An article on Friday about the failure of European Union investigators to confirm the existence of secret C.I.A. prisons in Europe misstated the interim findings of a separate inquiry conducted by the Council of Europe, a human-rights monitoring organization. Those findings, reported in January, said that the council had not uncovered evidence that such centers had ever existed, but that there were enough indications to justify continuing the inquiry. The findings did not assert that no rights abuses had been uncovered.
Remember
this?
The New York Times changed the earlier accurate version of a story on testimony on secret CIA prisons in Europe (a story first reported in depth by Dana Priest and for which she won the Pulitzer Prize) by the EU counterterrorism chief Gijs DeVries, to an inaccurate version that favored the Bush Administration.

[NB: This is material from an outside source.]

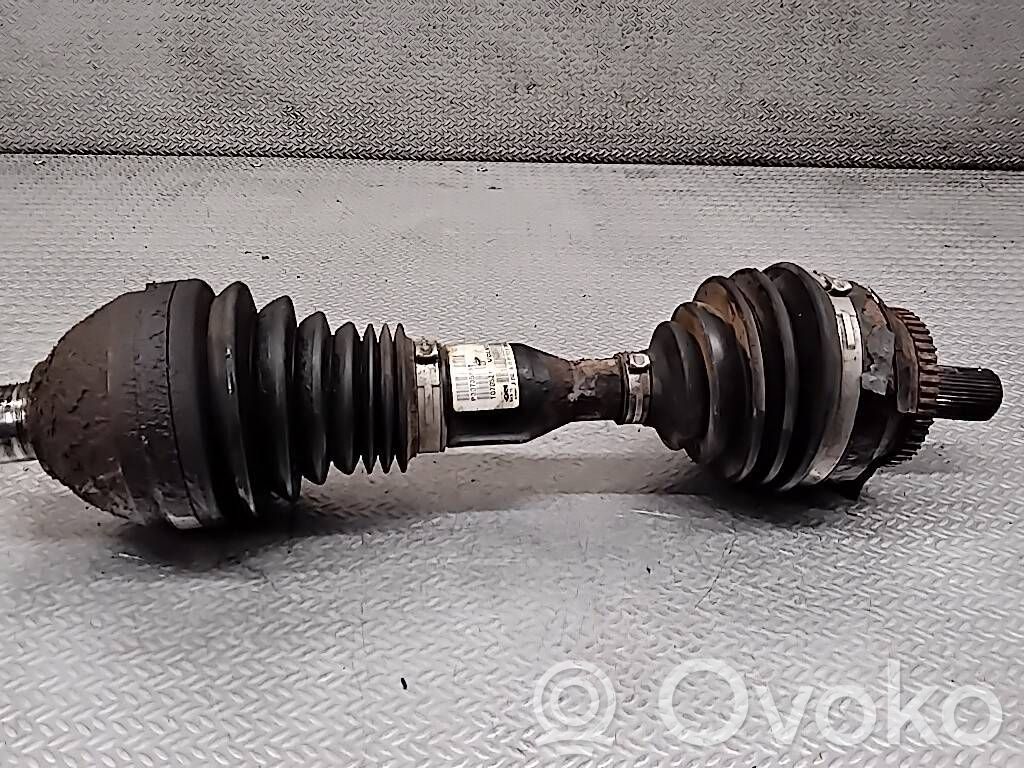 Volvo XC90 Semiasse anteriore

. . . someone in the Times did not like [the original] accurate reporting, and instead rewrote the story, to make it both inaccurate and more favorable to the Bush Administration. The later edited version of the story stated that:
Mr. de Vries said the European Parliament investigation had not uncovered rights abuses despite more than 50 hours of testimony by rights advocates and people who say they were abducted by C.I.A. agents. A similar investigation by the Council of Europe, the European human rights agency, came to the same conclusion in January -- though the leader of that inquiry, Dick Marty, a Swiss senator, said then that there were enough "indications" to justify continuing the investigation.
(Emphasis suppied.) Notice the two changes to inaccuracies favorable to the Bush Adminsitration: (1) The statement about the January Council of Europe report is no longer attributed to DeVries; (2)the statement is treated as FACT, when the earlier story plainly marked it as INACCURATE.
But, lo and behold, a correction:
Correction: April 26, 2006
An article on Friday about the failure of European Union investigators to confirm the existence of secret C.I.A. prisons in Europe misstated the interim findings of a separate inquiry conducted by the Council of Europe, a human-rights monitoring organization. Those findings, reported in January, said that the council had not uncovered evidence that such centers had ever existed, but that there were enough indications to justify continuing the inquiry. The findings did not assert that no rights abuses had been uncovered.
Ok, so it didn't change the world, but a victory of sorts, no?